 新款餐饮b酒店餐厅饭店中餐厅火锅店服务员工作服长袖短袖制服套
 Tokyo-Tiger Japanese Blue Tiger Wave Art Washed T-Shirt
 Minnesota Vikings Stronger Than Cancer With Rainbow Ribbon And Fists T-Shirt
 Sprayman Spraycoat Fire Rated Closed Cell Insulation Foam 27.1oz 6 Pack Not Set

---

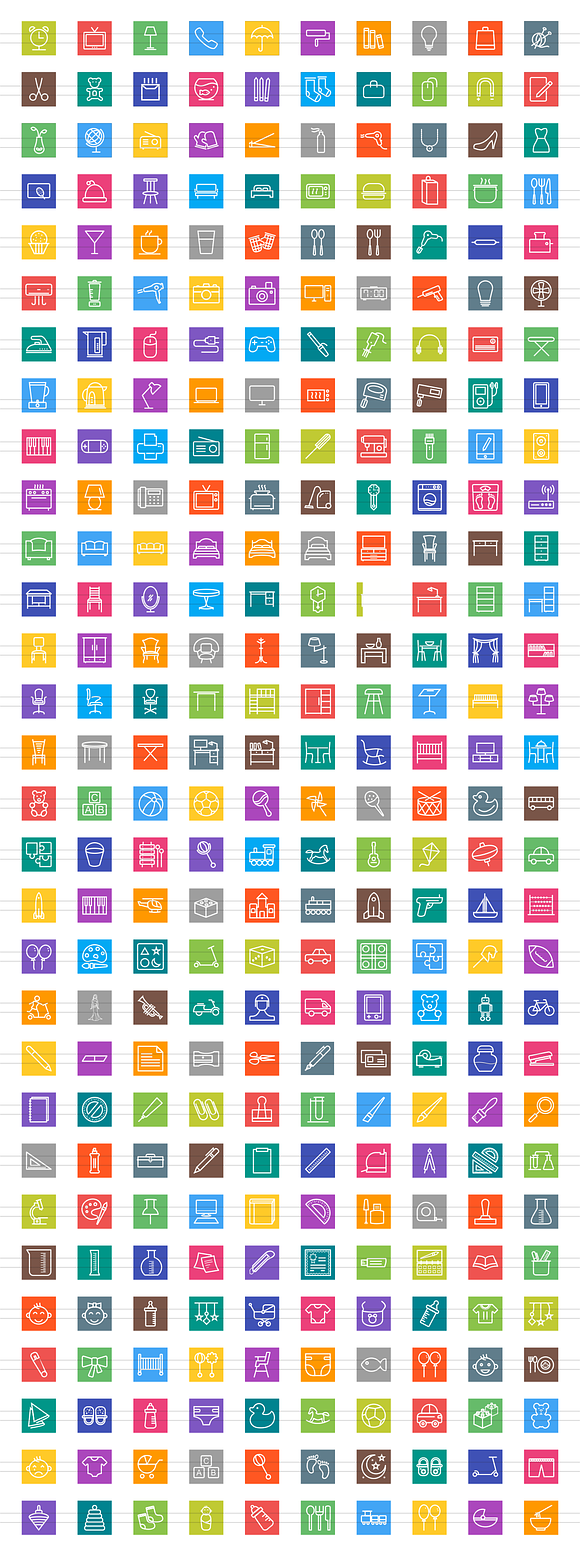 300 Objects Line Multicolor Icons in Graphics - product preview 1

* * *

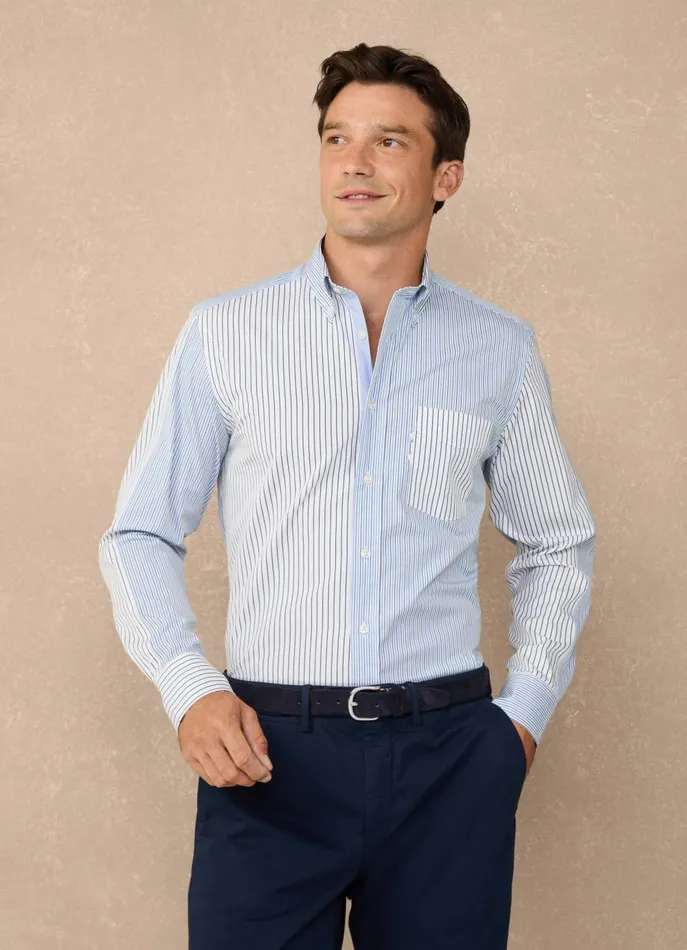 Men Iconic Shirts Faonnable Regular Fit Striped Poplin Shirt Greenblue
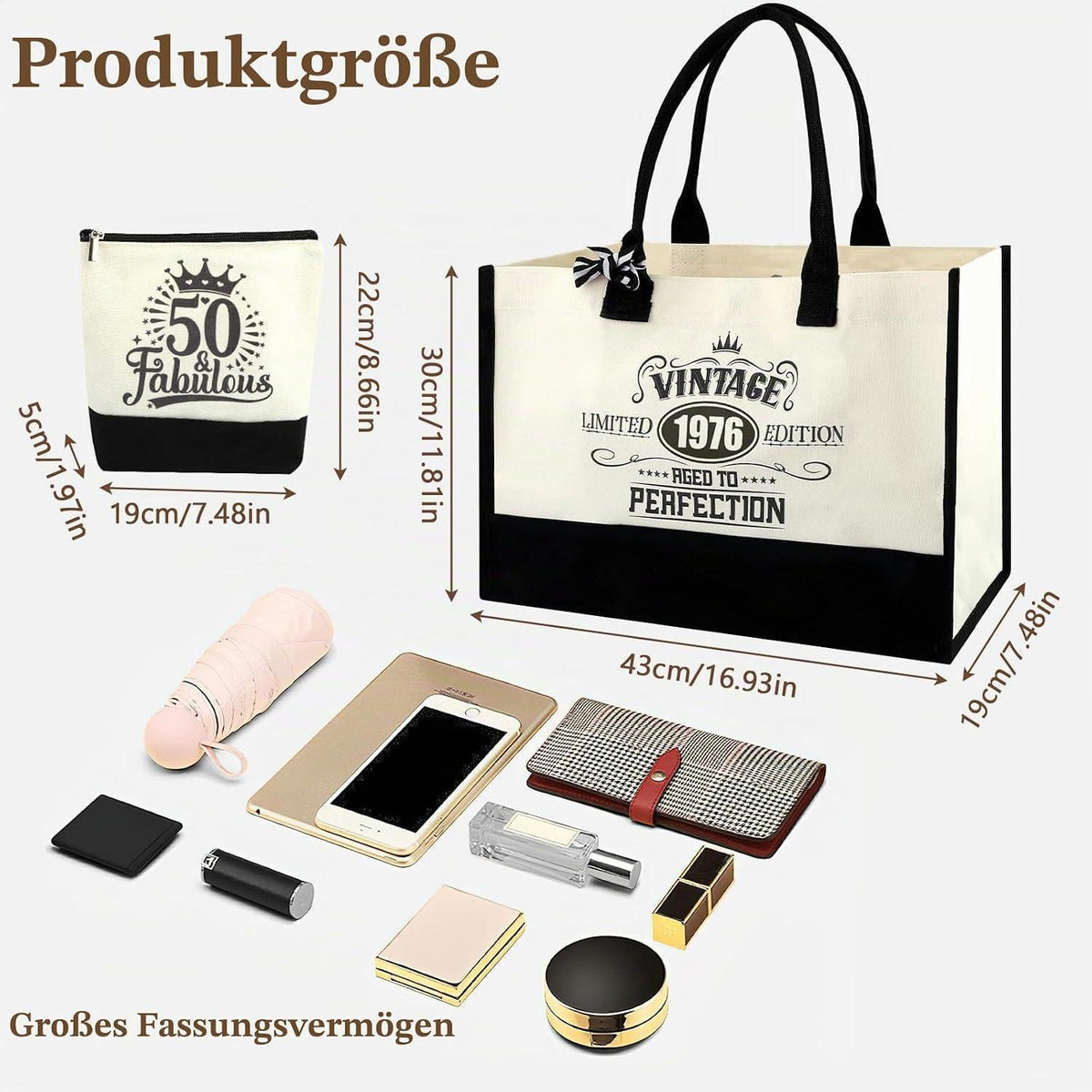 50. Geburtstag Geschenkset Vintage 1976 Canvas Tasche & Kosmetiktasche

- [EXERCISE DIRECTIONS]
Every line from the line containing "Minnesota Vikings Stronger" through the line containing "Sprayman Spraycoat Fire" in the records above must be retyped exactly. Leave out the rest.

- [TASK RESPONSE]
 Minnesota Vikings Stronger Than Cancer With Rainbow Ribbon And Fists T-Shirt
 Sprayman Spraycoat Fire Rated Closed Cell Insulation Foam 27.1oz 6 Pack Not Set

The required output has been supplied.